Short web captions:
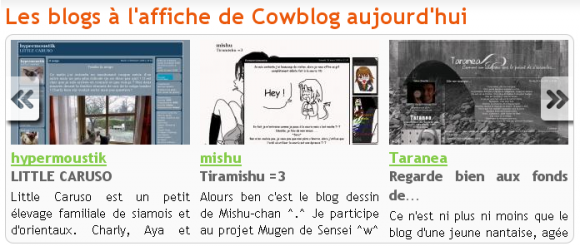 http://mishu.cowblog.fr/images/mishaffiche2.png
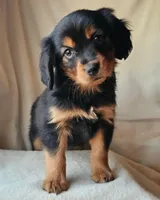 Paddington, a male Cavalier King Charles Spaniel and Toy Australian Shepherd for sale in Show Low, AZ – Photo 2 of 5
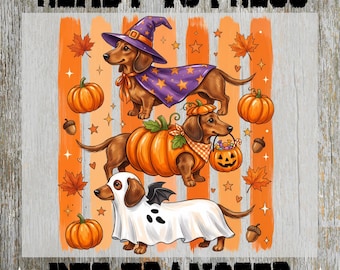 Striped Halloween Dachshund DTF Ready to Press, Spooky Dog Lover Heat Transfer- Fall Pumpkin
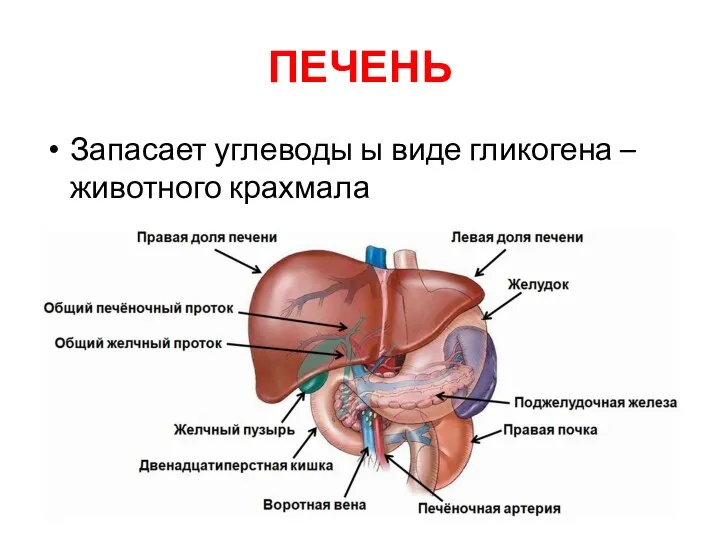 ПЕЧЕНЬ Запасает углеводы ы виде гликогена – животного крахмала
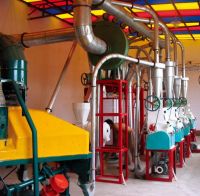 Sell maize processing line, wheat flour mill equipment, flour machine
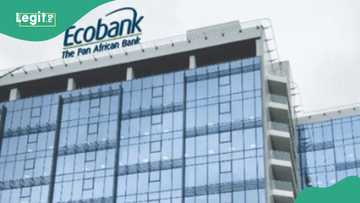 Ecobank, Verve unveil N20m youth grant: How Nigerians aged 16–25 can apply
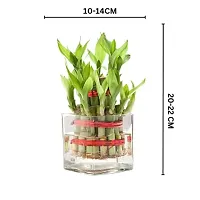 Phulwa Combo of Two Layer Lucky Bamboo Plant with Sqaure Glass Pot and Green Money Plant with Round Jute Wrapped Pot, Easy Care Indoor House Plant | Home  Office D?cor Airpurifying | Good Luck | Plant for Gifting | Pack of 1-thumb2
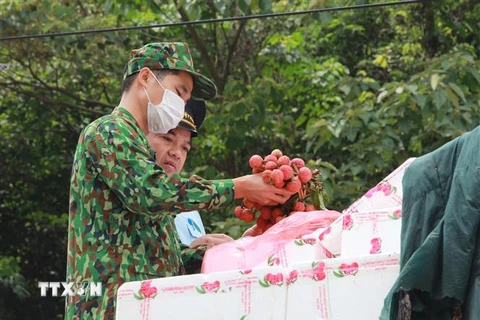 Các lực lượng chức năng tại cửa khẩu Tân Thanh kiểm tra mặt hàng vải quả tươi trước khi xuất khẩu. (Ảnh: Quang Duy/TTXVN)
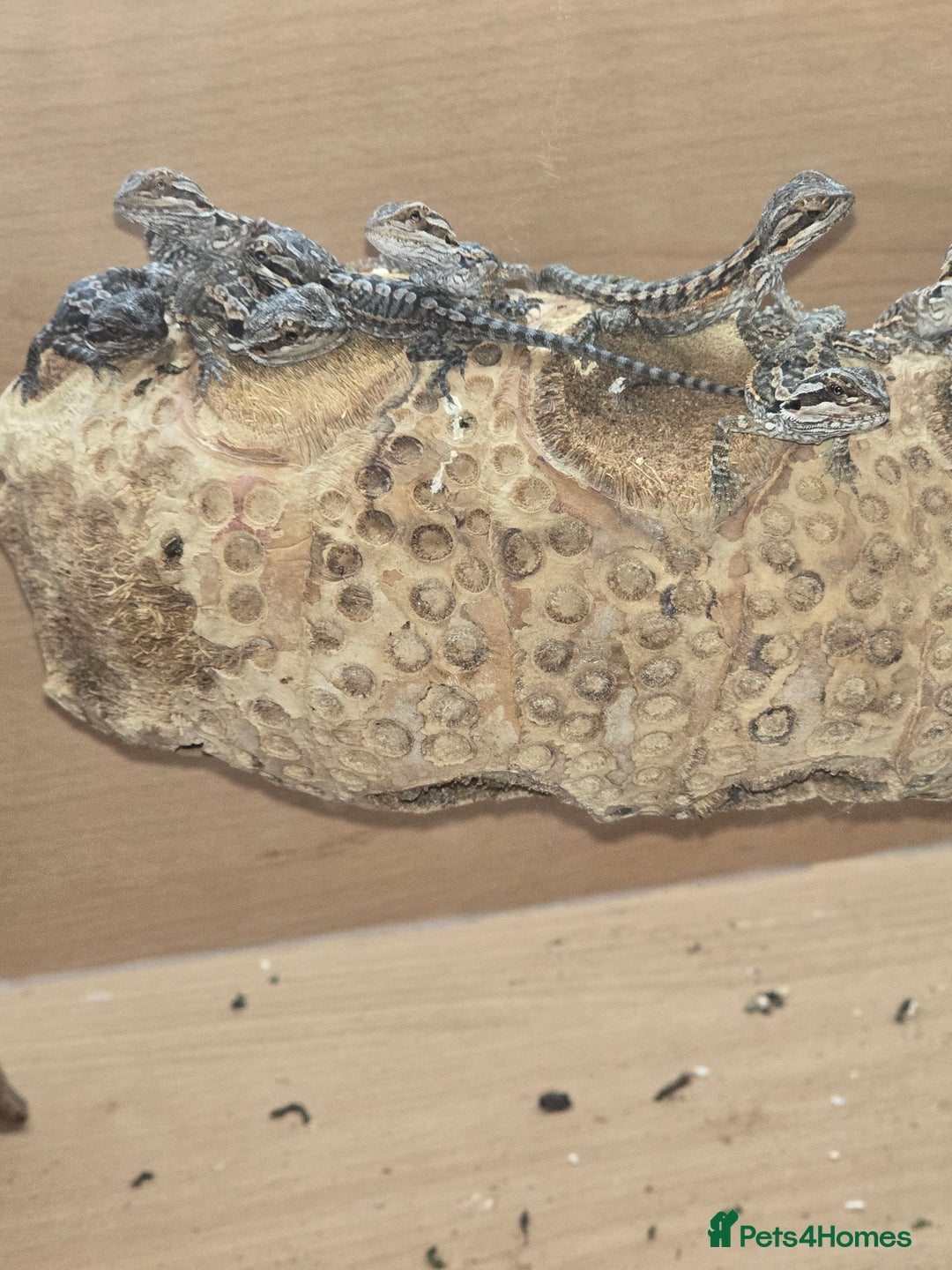 Bearded Dragon reptiles for sale: Baby bearded dragons with tint red 2 for £100 - Image 1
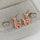 Plated Rose Gold  Giraffe Earrings 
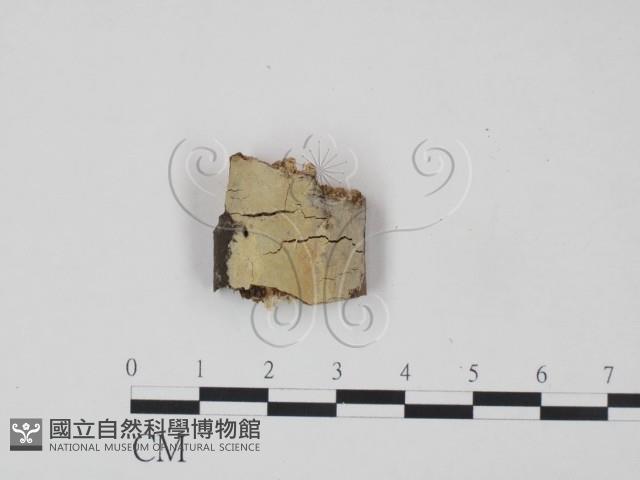 登錄號:F0021731藏品圖，第1張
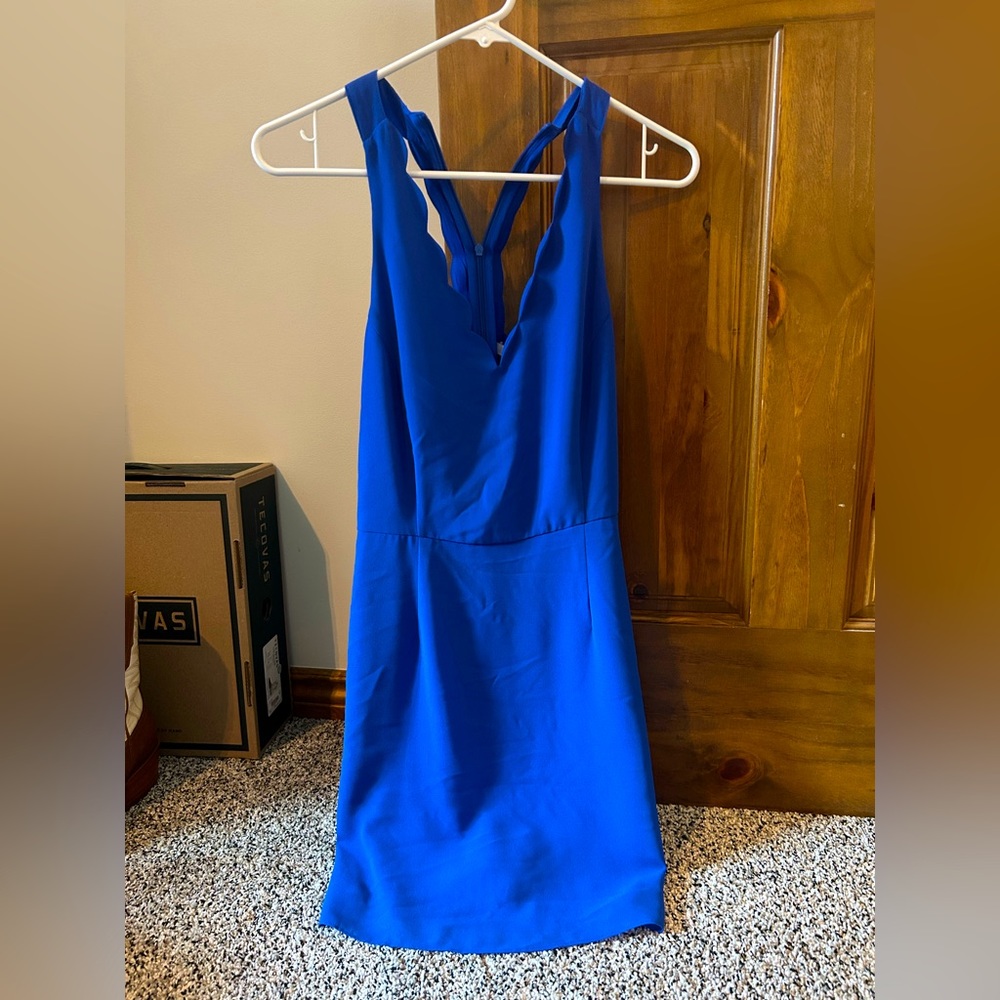Blue dress from naked zebra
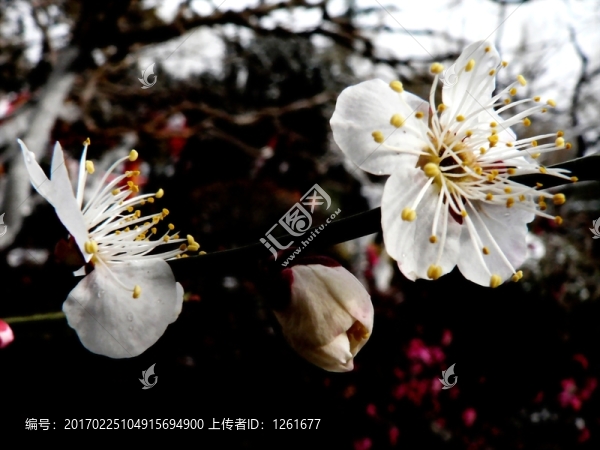 白梅玉潔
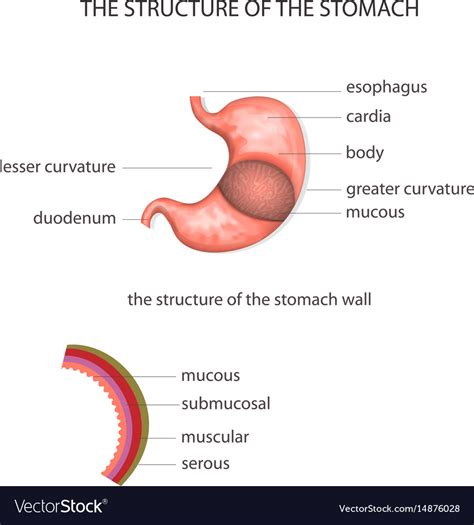 structure of the stomach royalty free vector image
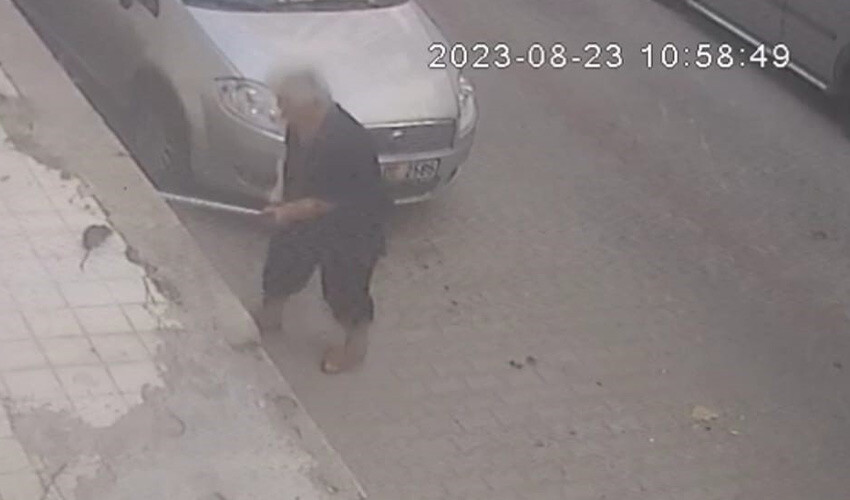 Sokaktaki fare, yaşlı kadını hastanelik etti: Ellerinden kanlar aktı Sokaktaki fare, yaşlı kadını hastanelik etti: Ellerinden kanlar aktı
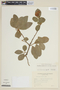 Brunfelsia australis image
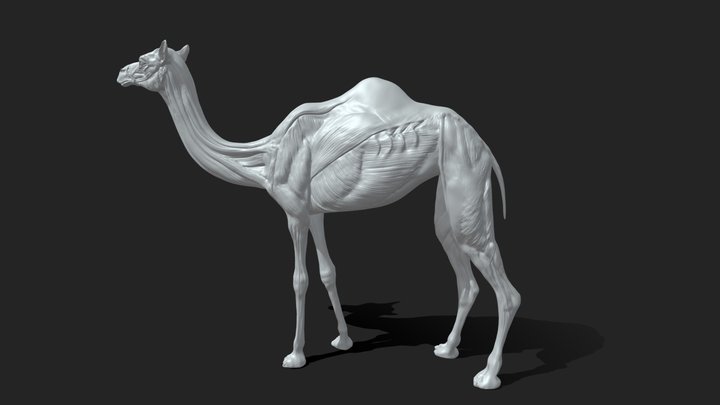 SA Anatomy (@saanatomy) - Sketchfab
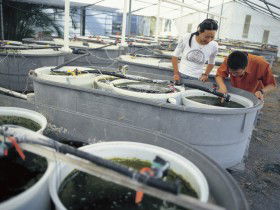 James Cook University Of North Queensland - Accommodation Nelson Bay 0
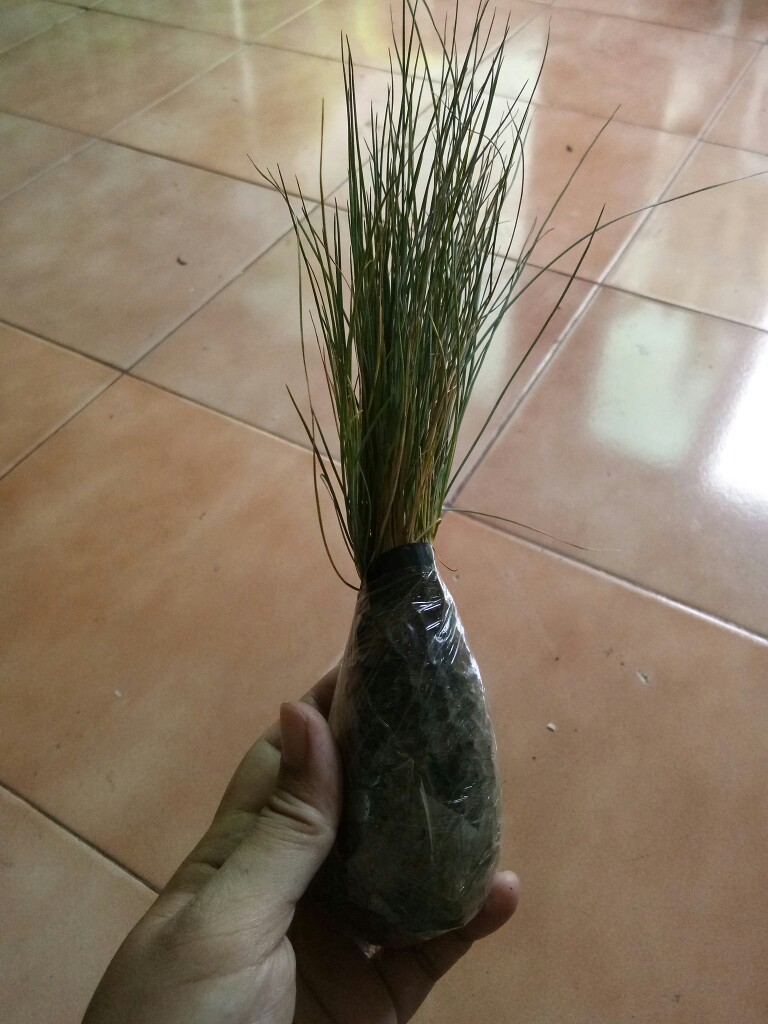 Tanaman Hias Rumput Biru - Festuca Glauca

◆ **Exercise**
Copy the entries exactly. Leave out the images.

◆ **Finished exercise**
 http://mishu.cowblog.fr/images/mishaffiche2.png
 Paddington, a male Cavalier King Charles Spaniel and Toy Australian Shepherd for sale in Show Low, AZ – Photo 2 of 5
 Striped Halloween Dachshund DTF Ready to Press, Spooky Dog Lover Heat Transfer- Fall Pumpkin
 ПЕЧЕНЬ Запасает углеводы ы виде гликогена – животного крахмала
 Sell maize processing line, wheat flour mill equipment, flour machine
 Ecobank, Verve unveil N20m youth grant: How Nigerians aged 16–25 can apply
 Phulwa Combo of Two Layer Lucky Bamboo Plant with Sqaure Glass Pot and Green Money Plant with Round Jute Wrapped Pot, Easy Care Indoor House Plant | Home  Office D?cor Airpurifying | Good Luck | Plant for Gifting | Pack of 1-thumb2
 Các lực lượng chức năng tại cửa khẩu Tân Thanh kiểm tra mặt hàng vải quả tươi trước khi xuất khẩu. (Ảnh: Quang Duy/TTXVN)
 Bearded Dragon reptiles for sale: Baby bearded dragons with tint red 2 for £100 - Image 1
 Plated Rose Gold  Giraffe Earrings 
 登錄號:F0021731藏品圖，第1張
Blue dress from naked zebra
 白梅玉潔
 structure of the stomach royalty free vector image
 Sokaktaki fare, yaşlı kadını hastanelik etti: Ellerinden kanlar aktı Sokaktaki fare, yaşlı kadını hastanelik etti: Ellerinden kanlar aktı
 Brunfelsia australis image
 SA Anatomy (@saanatomy) - Sketchfab
 James Cook University Of North Queensland - Accommodation Nelson Bay 0
 Tanaman Hias Rumput Biru - Festuca Glauca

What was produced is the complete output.